I wasn’t invited here because I did something to deserve it. I wasn’t a friend of the bride or groom – I don’t even know them. And I wasn’t dragged here by a friend who was in the wedding party and had to wear a bad brides-maid’s dress. There’s no connection I have to this other than the fact that I was wanted.
That’s it – and that’s enough.
And just in realizing this, the “Not Staying as I Am” has already begun happening. I realize this change isn’t all up to me to make happen; it’s given to me … to experience. And to let myself receive.
So I start to breathe. And I realize that even though I’ve got a crystal wine glass in my hand, some other things are not in my hands – the fears I’d lugged into the party with me. The deep fears, the gap between where I was and where I thought I needed to be, the feeling that, like the other B-list people, there was no way I was worth this. And I realize all this stuff was left somewhere back near the door.
And it’s a little scary. It’s tender to say, I never thought I’d belong at a party like this. It’s tender to say, I’ve never been named in this way. As all of this builds inside of me, And even if I’m trying to act cool, I’m not cool. I’m not sanguine about it, I’m not blasé. I’m nuts about it, I’m over the moon. This is fantastic. And even if my clothing isn’t exactly glowing, my heart is.
And my wedding robe starts to show. And it has the colors of my joy, the shadows of my brokenness, the gold threads of my hope. And maybe my life looks the same, but here at the banquet, I’m know not the same, because the fact that I belong here has changed me, just by my letting it happen.

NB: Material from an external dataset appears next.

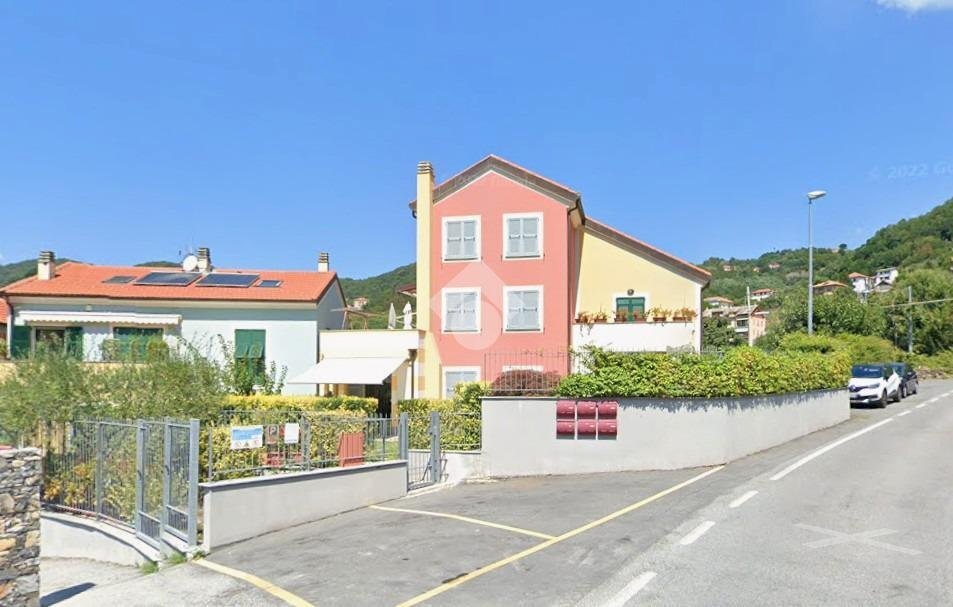 Villa a Schiera Via Achille grandi, Sant'Olcese - foto 1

It’s even in the marriage prayers in the Prayer Book, among the most beautiful prayers that are in there. Just before the blessing of the marriage, we pray that the bonds of our common humanity – of all of us – are so changed that the way things look on earth is the way it looks in heaven. That’s what it is to be part of a wedding feast. And that’s why, to Matthew, the point isn’t just showing up. The point is becoming changed by this invitation that unites two people and all of humanity.
So – welcome to the wedding feast. Here and now – as you are. We’ve all been invited, the good and the bad, and I don’t mean the good and bad people, but the parts of us that seem good or bad, the stuff that we’re not sure is good or bad. Nothing falls outside of God, who is so crazy about us that God’s giving God’s own self as the food at this feast. As the Psalm says, God spreads a table for us; as Isaiah says, it’s stacked with rich food filled with marrow, and the finest wines, well-aged and strained clear.
If you feel like you’ve been invited before to the banquet, then let yourself feel like you’re hearing it for first time, the first time God rang your name out into the universe.
If you feel like you’ve never been invited – even if you’ve been in church a lot – then let yourself feel called. Listen for your name.
And as we come for the bread and wine, let our hearts will be the finest, the most glowing, alabaster, gold-threaded wedding robes, as if this were the only feast that the world has ever known.